Content starts
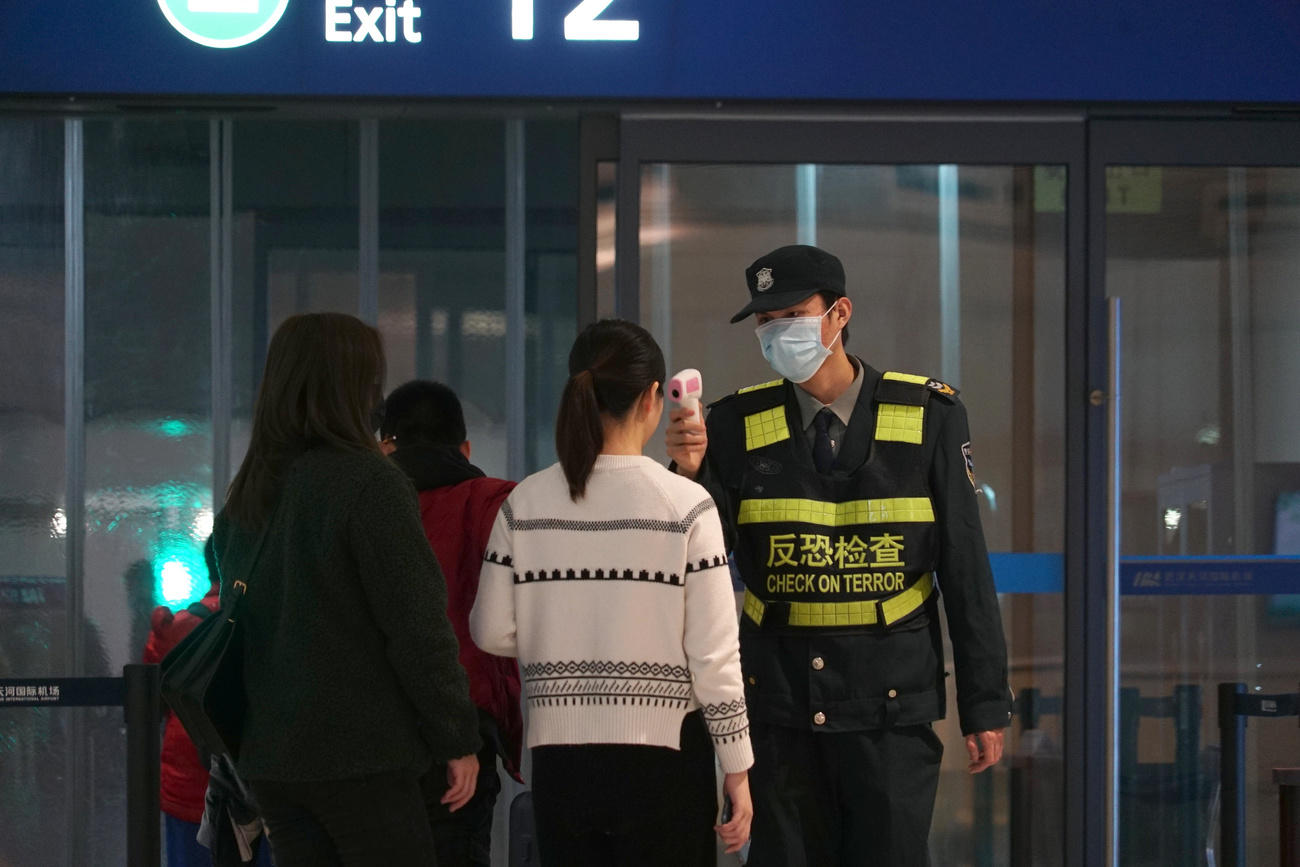 Un poliziotto con la mascherina controlla una ragazza mentre lascia l aeroporto internazionale di Wuhan.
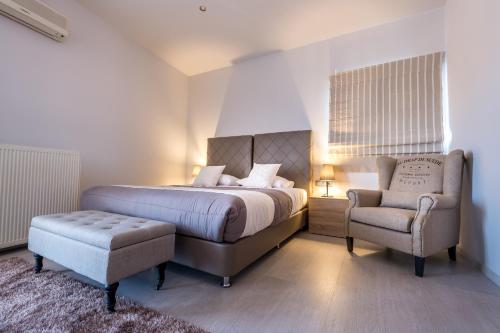 a bedroom with a bed and a chair at Filoxenia Hotel & Spa in Kalavrita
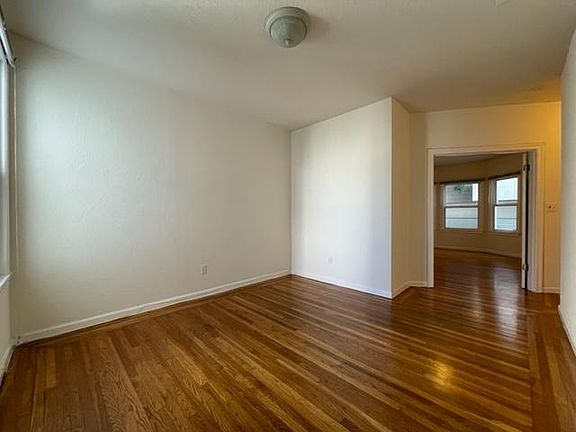 Living Room with bedroom shown in background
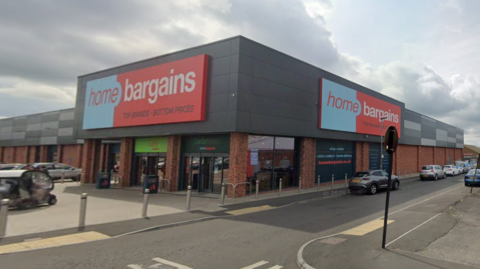 The exterior of a Home Bargains store next to a road.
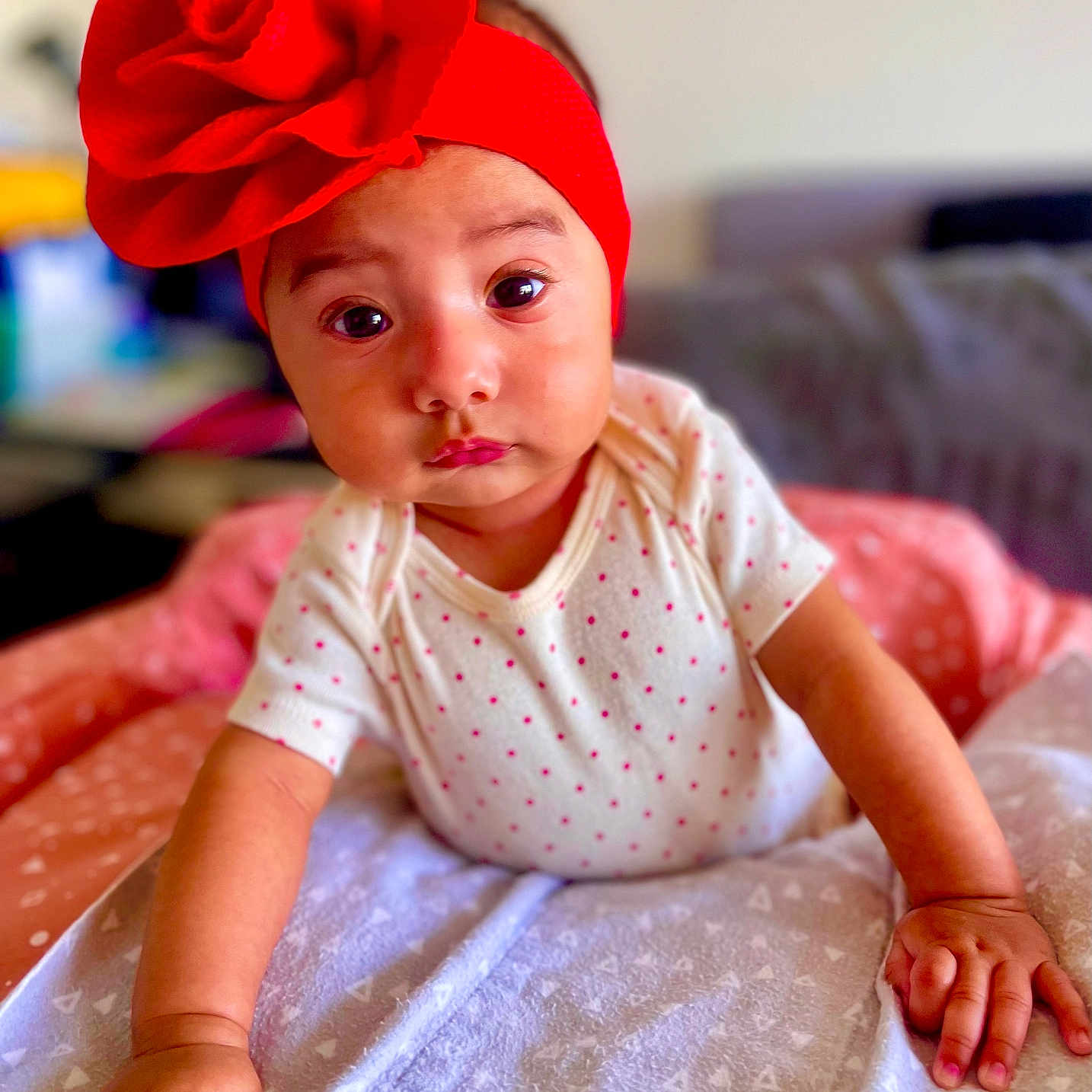 Gio is registered to the contest to win money with this photo: baby, blanket, child, closeup, couch, curious, cute, expression, face, flower, hands, indoors, infant, polka_dot_onesie, portrait, red_headband, skin, soft_toys, toddler, young_child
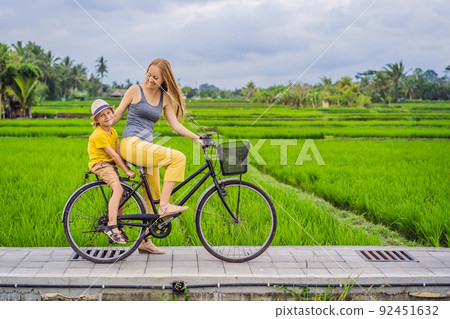 Mother and son ride a bicycle on a rice field in Ubud, Bali. Travel to Bali with kids concept Mother and son ride a bicycle on a rice field in Ubud, Bali. Travel to Bali with kids concept 92451632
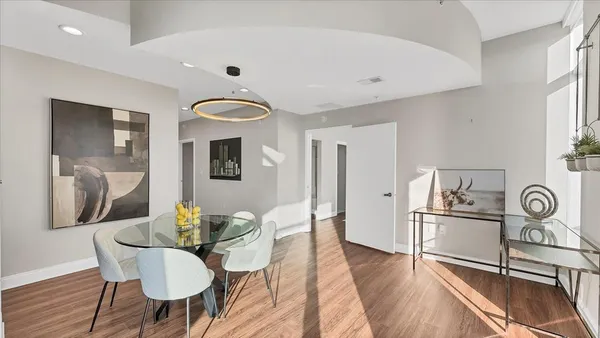 a dining room with furniture and wooden floor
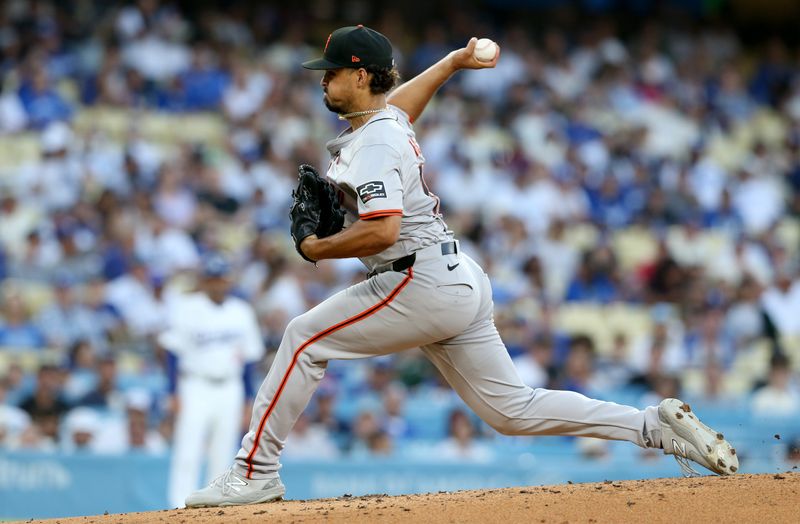 Jul 23, 2024; Los Angeles, California, USA; San Francisco Giants pitcher Jordan Hicks (12) throws during the first inning against the Los Angeles Dodgers at Dodger Stadium. Mandatory Credit: Jason Parkhurst-USA TODAY Sports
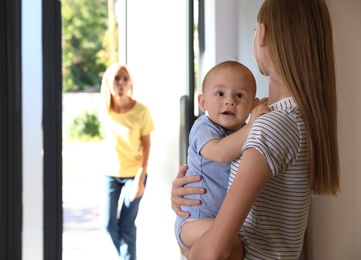 Photo of Mother leaving her baby with teen nanny at home. Space for text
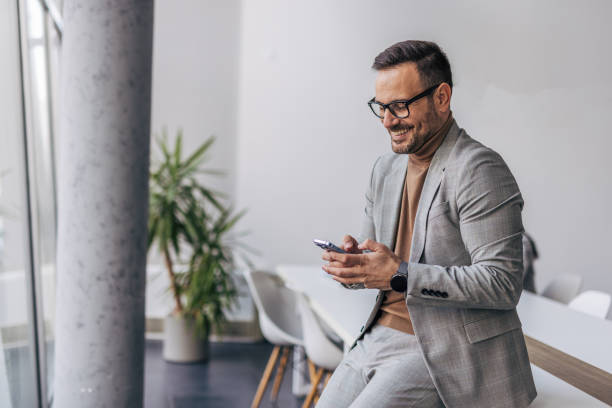istock A businessman with a cell phone 2187263740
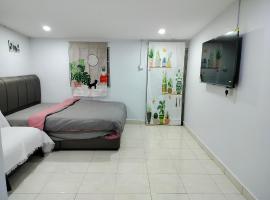 The Big Family Homestay, quarto em acomodação popular em Alor Setar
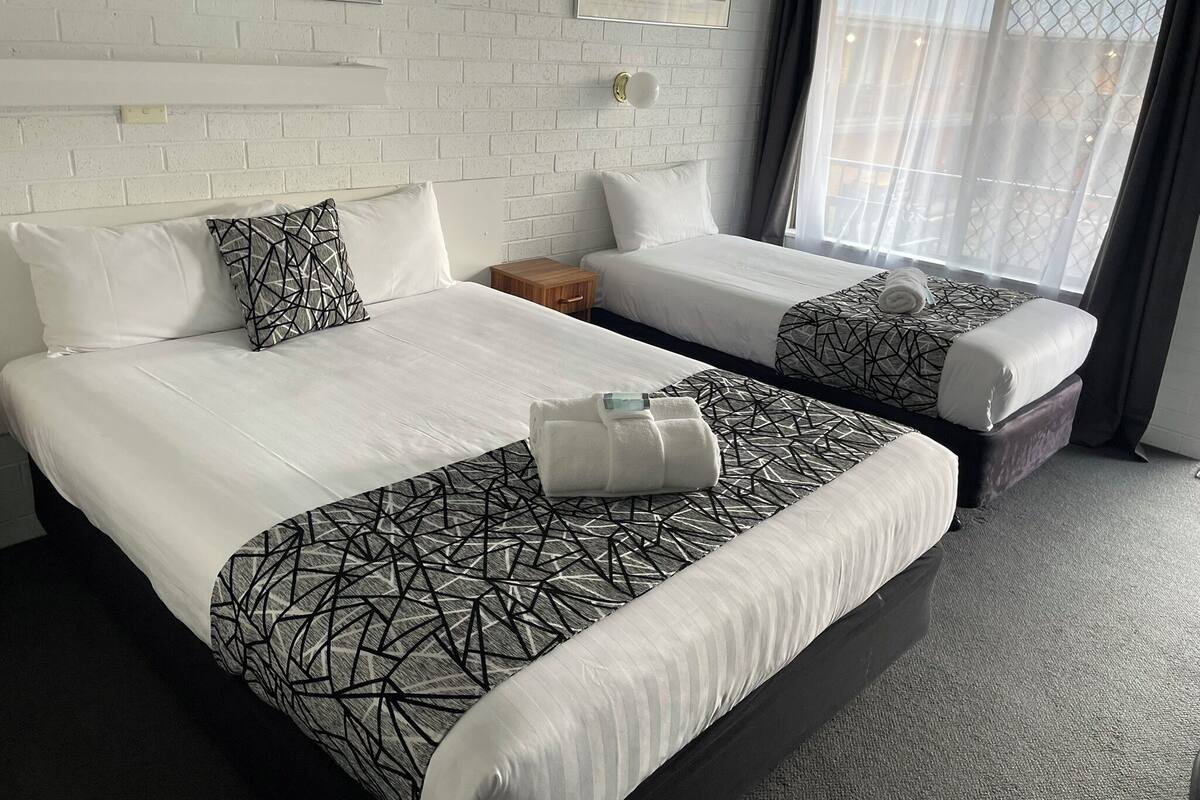 A hotel room with two beds, white bedding, geometric patterned blankets, a small wooden nightstand, and a window with sheer curtains.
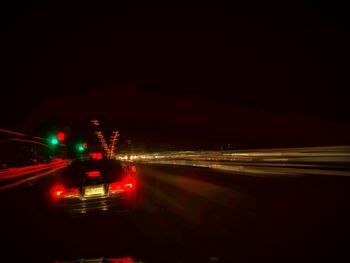 Cars on illuminated road against sky at night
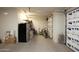 Well-lit garage with additional refrigerator, shelving, and bike storage, offering extra utility at 20669 N 266Th Ave, Buckeye, AZ 85396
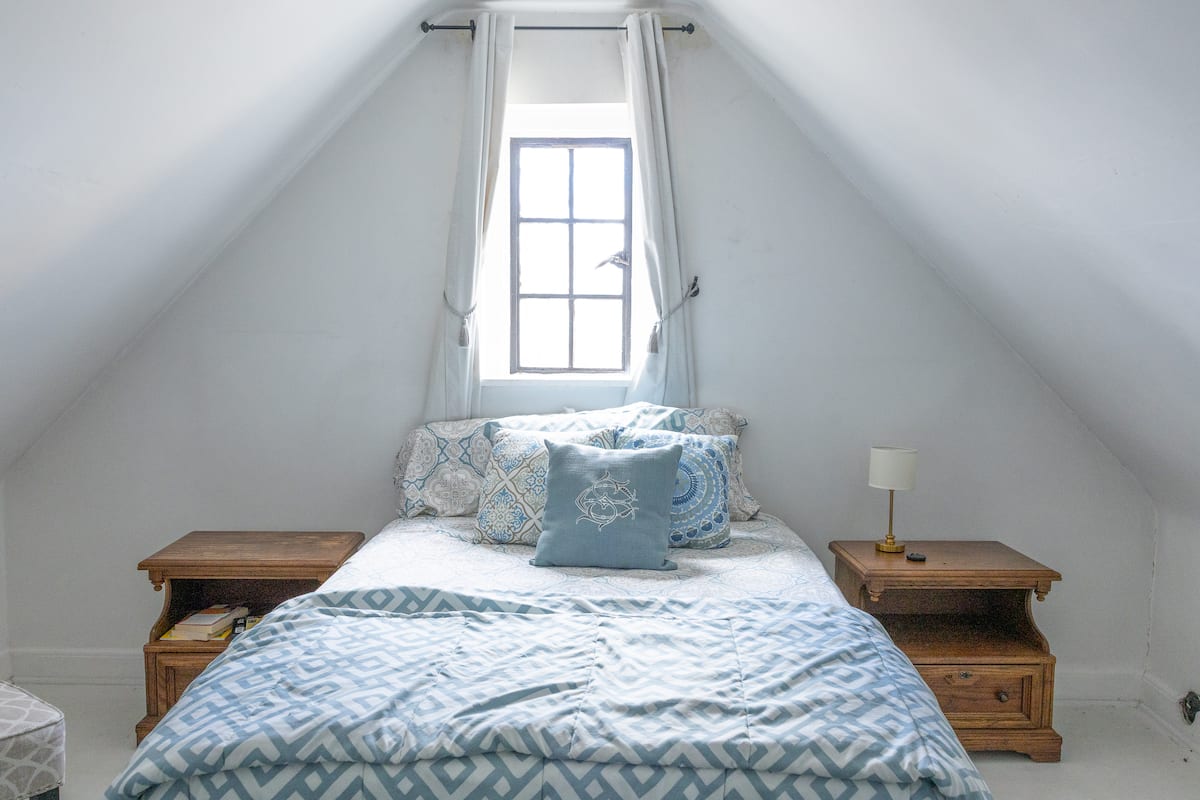 Cozy attic bedroom with peaked ceiling and blue bedding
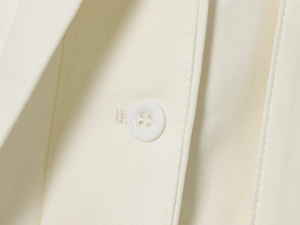 Dettaglio macro del blazer in tessuto crema con cuciture fini e bottone a quattro fori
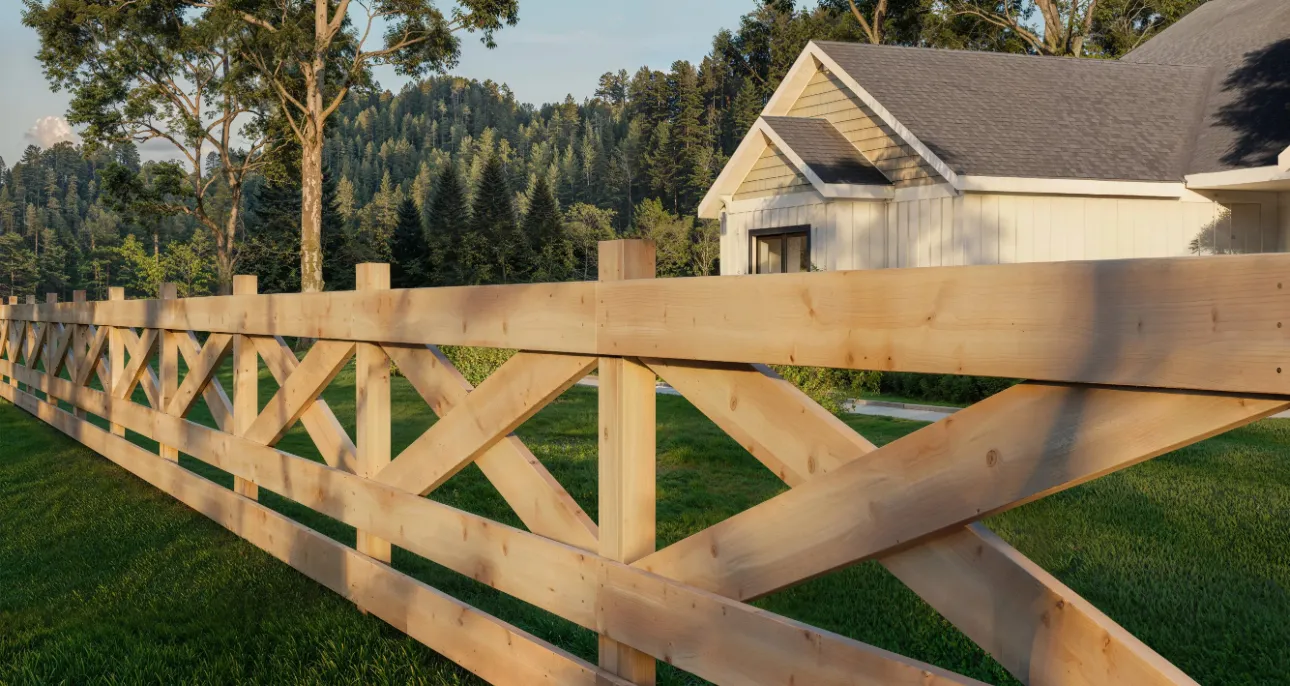 Crossbuck ranch fence with estate house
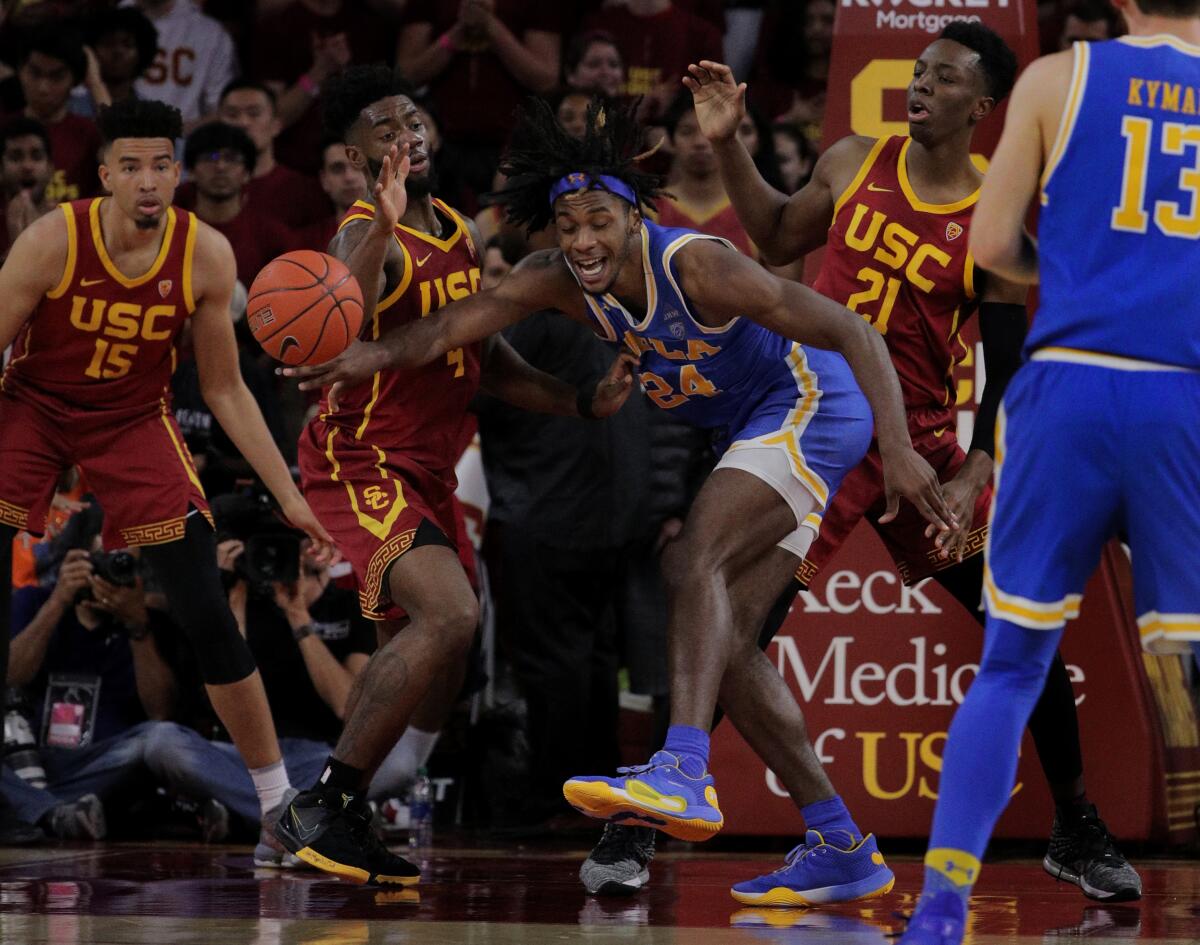 UCLA forward Jalen Hill (24) loses the ball as he's triple teamed by USC's Isaiah Mobley (15), Daniel Utomi (4), and Onyeka Okongwu (21) during the second half of a game March 7, 2020, at Galen Center.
Content ends
Leave out all pictures and output each line exactly, from the top of the records through the line that holds "The exterior of".

--- Solved problem ---
 Un poliziotto con la mascherina controlla una ragazza mentre lascia l aeroporto internazionale di Wuhan.
 a bedroom with a bed and a chair at Filoxenia Hotel & Spa in Kalavrita
 Living Room with bedroom shown in background
 The exterior of a Home Bargains store next to a road.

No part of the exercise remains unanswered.